The Biden administration’s potential outbound investment screening program could feature a combination of notification requirements and, in some cases, outright prohibitions on American investments in China, Treasury Secretary Janet Yellen said this week. She also offered the administration’s strongest comments to date in support of a new investment screening regime, saying there’s a “good chance” the U.S. issues the rules.
Exports to China
Akin added three partners from Hughes Hubbard to its Washington, D.C., office, the firm announced. Ryan Fayhee, a former national security official at DOJ, will advise clients on sanctions and the Committee on Foreign Investment in the U.S. reviews, incident response and compliance best practices. Roy Liu will focus on U.S.-China trade matters, sanctions, export controls, customs cases and CFIUS proceedings, and Tyler Grove will focus on sanctions and trade regulations.
The Commerce Department published its spring 2023 regulatory agenda for the Bureau of Industry and Security and the Census Bureau, including new rules that will add more entities to the Entity List and finalize new export filing requirements.
The U.S. may need to address export control loopholes to better prevent China and others from acquiring sensitive technologies, Sen. Mark Warner, D-Va., said, but he also cautioned the U.S. against imposing controls that are too broad and said they need to be coordinated with allies.
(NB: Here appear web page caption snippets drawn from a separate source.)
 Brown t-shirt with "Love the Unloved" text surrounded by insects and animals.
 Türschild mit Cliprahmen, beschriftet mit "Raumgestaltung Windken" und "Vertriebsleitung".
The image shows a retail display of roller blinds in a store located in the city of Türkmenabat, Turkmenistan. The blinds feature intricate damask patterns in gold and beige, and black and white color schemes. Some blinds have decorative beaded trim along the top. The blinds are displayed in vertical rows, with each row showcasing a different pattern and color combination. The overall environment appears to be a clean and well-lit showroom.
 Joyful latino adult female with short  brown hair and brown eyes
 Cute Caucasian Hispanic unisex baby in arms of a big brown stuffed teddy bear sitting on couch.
The House last week voted 219-210 to pass its version of the FY 2024 National Defense Authorization Act with several trade related provisions and amendments, including one amendment that would prohibit “any form of sanctions relief” for the Taliban “unless explicitly authorized by Congress in subsequent legislation.” Another provision would block the Defense Department from entering into a procurement contract with any person or entity that has “business operations” with the Russian government, while another “exhorts” the Defense Department to “commit resources” to make sure “foreign military sales officers in the Department are fully staffed to support the fulsome review and expedient transfer of defense articles” to Australia and the U.K.
Republicans last week criticized the Biden administration’s “lack of sanctions enforcement” against Iran, saying the country continues to sell oil to China and use those profits to support Russia’s war against Ukraine. The lawmakers called on the Treasury and State departments to develop a strategy to “prevent Iran’s petrochemical industry from supporting the regime’s nefarious activities,” saying the strategy should include more sanctions against Chinese people and companies buying Iranian energy.
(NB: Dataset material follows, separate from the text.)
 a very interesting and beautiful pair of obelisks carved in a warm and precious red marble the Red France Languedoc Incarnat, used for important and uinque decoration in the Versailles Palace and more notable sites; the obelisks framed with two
Canada launched investigations of Nike Canada and Dynasty Gold this week after receiving complaints that both companies’ supply chains have ties to forced labor in China. A Canadian agency said it’s probing allegations that Nike has “supply relationships” with Chinese companies that use Uyghur forced labor and that Dynasty Gold, a mining company, benefited from Uyghur forced labor at a Chinese mine in which it had a majority stake.
The Office of Foreign Assets Control this week sanctioned 10 people and one company involved in illegal Mexican drug trafficking, including precursor chemicals used in fentanyl. Those designated have ties to Mexico-based Sinaloa Cartel, OFAC said, and the measures follow a series of similar sanctions related to the group in recent months (see 2305090022, 2304140051 and 2301300010).
Rep. Michael McCaul, the top Republican on the House Foreign Affairs Committee, subpoenaed the State Department for “key documents” relating to the agency’s reported “obstruction of the use of national security tools” against China, his office said in a July 12 press release. McCaul signed the subpoena about two months after he originally requested the documents from the State Department, citing news reports that the agency held back sanctions and export controls against China in an effort to limit damage to the U.S.-China relationship (see 2305240041).
The U.S. should bar Hong Kong’s chief executive, John Lee Ka-chiu, from entering the U.S. later this year because of his placement on the Treasury Department’s Specially Designated Nationals List, lawmakers said this week. Sens. Marco Rubio, R-Fla., and Jeff Merkley, D-Ore., and Reps. Chris Smith, R-N.J., and Jim McGovern, D-Mass., said they are concerned the Hong Kong official could visit California in November as the U.S. hosts the Asia-Pacific Economic Cooperation (APEC), which includes China as a member. They said the State Department should make a “clear announcement that human rights violator John Lee will not be invited to APEC, in accordance with U.S. sanctions law.”